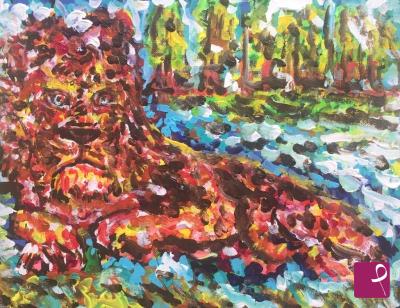 online paintings on sale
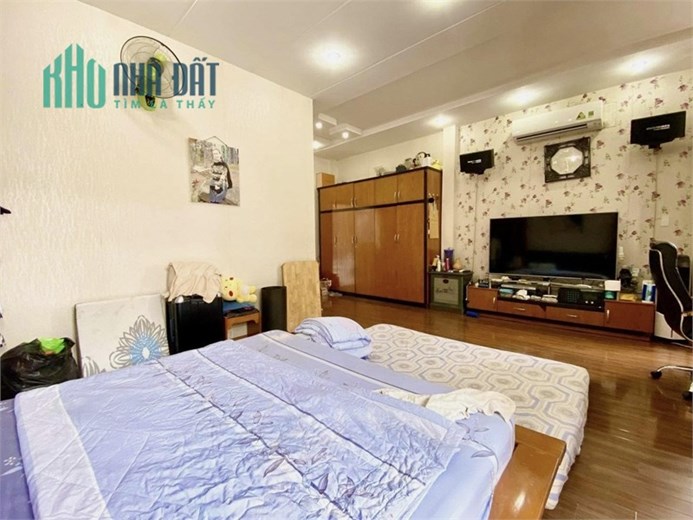 Biệt thự Mini Chế Lan Viên, Tân Phú – 133m2, 3 tầng, 12.99 tỷ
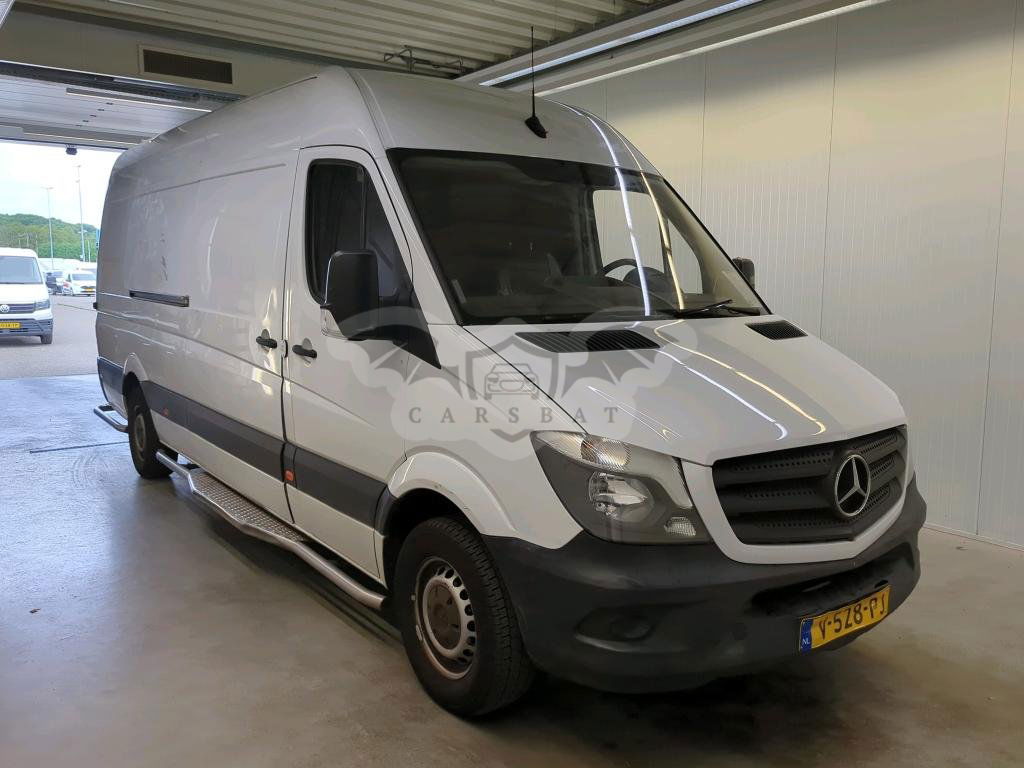 Mercedes-Benz Sprinter 311 CDI 2018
■ ■ ■ ■
▶ Work request
In your copy of the material, every word must match and no image should appear.

▶ Answer for this exercise
 online paintings on sale
 Biệt thự Mini Chế Lan Viên, Tân Phú – 133m2, 3 tầng, 12.99 tỷ
 Mercedes-Benz Sprinter 311 CDI 2018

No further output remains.